MATERIAL PROVIDED |
□ □ □
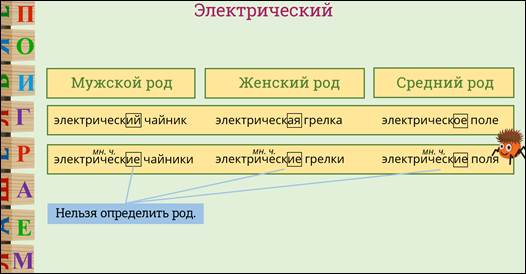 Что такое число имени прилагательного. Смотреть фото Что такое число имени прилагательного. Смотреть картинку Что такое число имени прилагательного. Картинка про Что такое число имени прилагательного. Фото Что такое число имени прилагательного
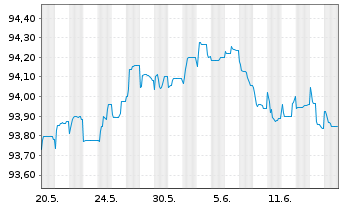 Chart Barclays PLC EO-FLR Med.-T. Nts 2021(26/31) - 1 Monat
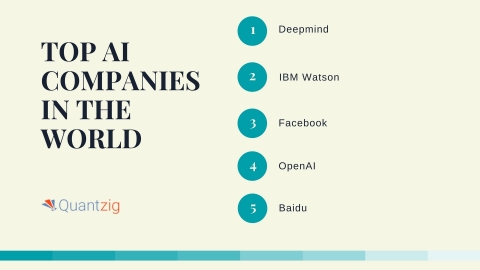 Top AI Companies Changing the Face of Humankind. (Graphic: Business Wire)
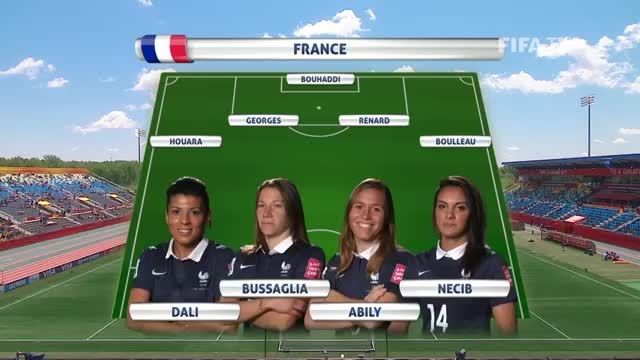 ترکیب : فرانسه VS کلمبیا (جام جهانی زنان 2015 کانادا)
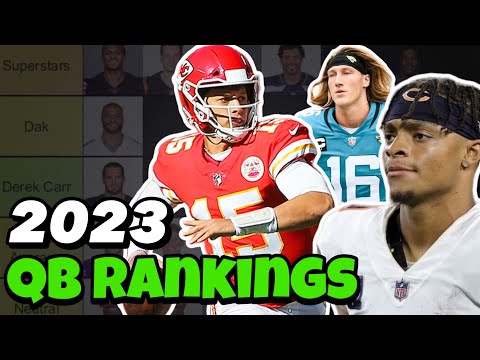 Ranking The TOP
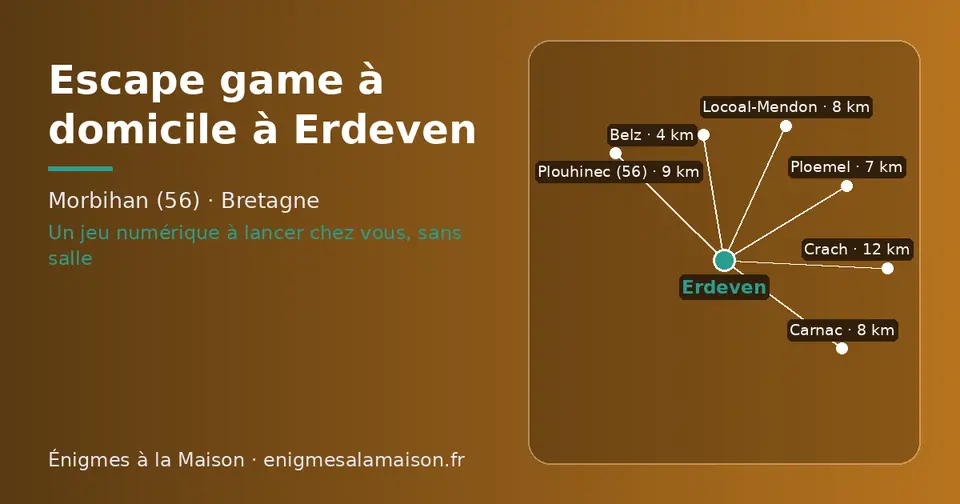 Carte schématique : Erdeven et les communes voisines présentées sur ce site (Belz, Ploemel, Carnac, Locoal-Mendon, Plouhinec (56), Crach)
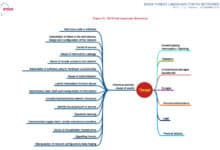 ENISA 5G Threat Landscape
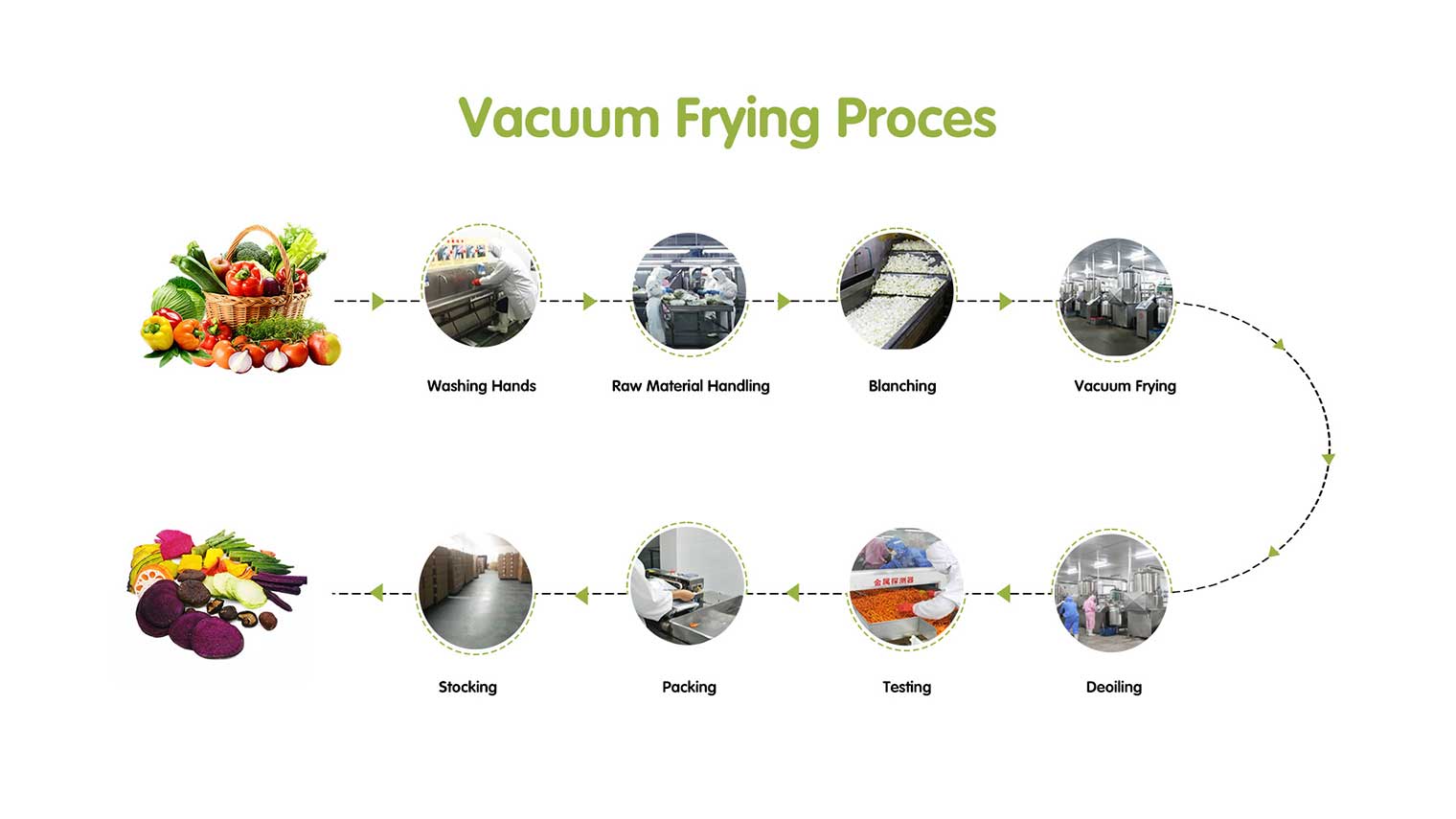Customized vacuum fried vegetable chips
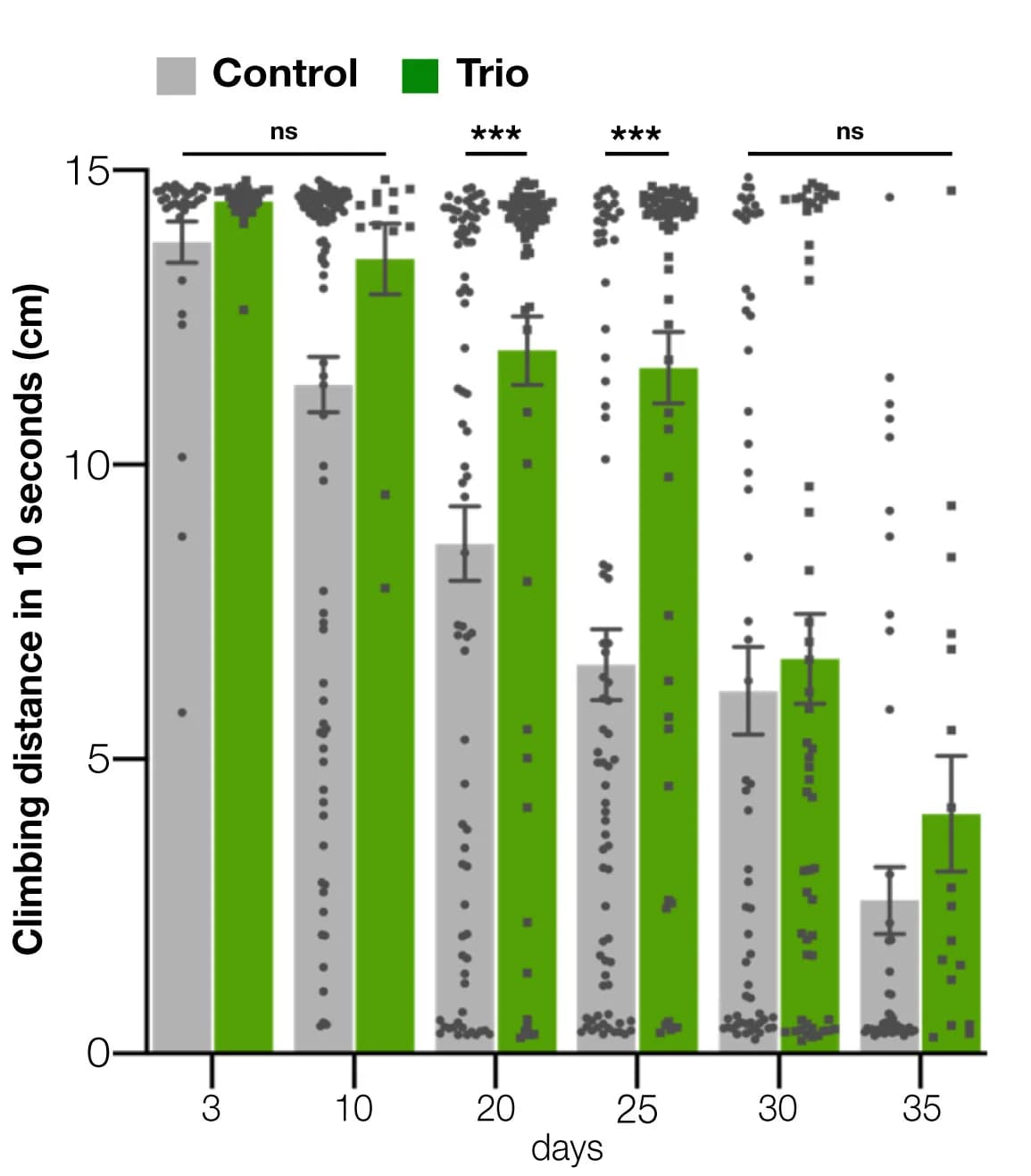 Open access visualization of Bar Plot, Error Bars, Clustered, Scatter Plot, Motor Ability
□ □ □
PROBLEM REQUIREMENTS | Give back the listing exactly, without a single picture.

ANSWER TO THE EXERCISE |
 Что такое число имени прилагательного. Смотреть фото Что такое число имени прилагательного. Смотреть картинку Что такое число имени прилагательного. Картинка про Что такое число имени прилагательного. Фото Что такое число имени прилагательного
 Chart Barclays PLC EO-FLR Med.-T. Nts 2021(26/31) - 1 Monat
 Top AI Companies Changing the Face of Humankind. (Graphic: Business Wire)
 ترکیب : فرانسه VS کلمبیا (جام جهانی زنان 2015 کانادا)
 Ranking The TOP
 Carte schématique : Erdeven et les communes voisines présentées sur ce site (Belz, Ploemel, Carnac, Locoal-Mendon, Plouhinec (56), Crach)
 ENISA 5G Threat Landscape
Customized vacuum fried vegetable chips
 Open access visualization of Bar Plot, Error Bars, Clustered, Scatter Plot, Motor Ability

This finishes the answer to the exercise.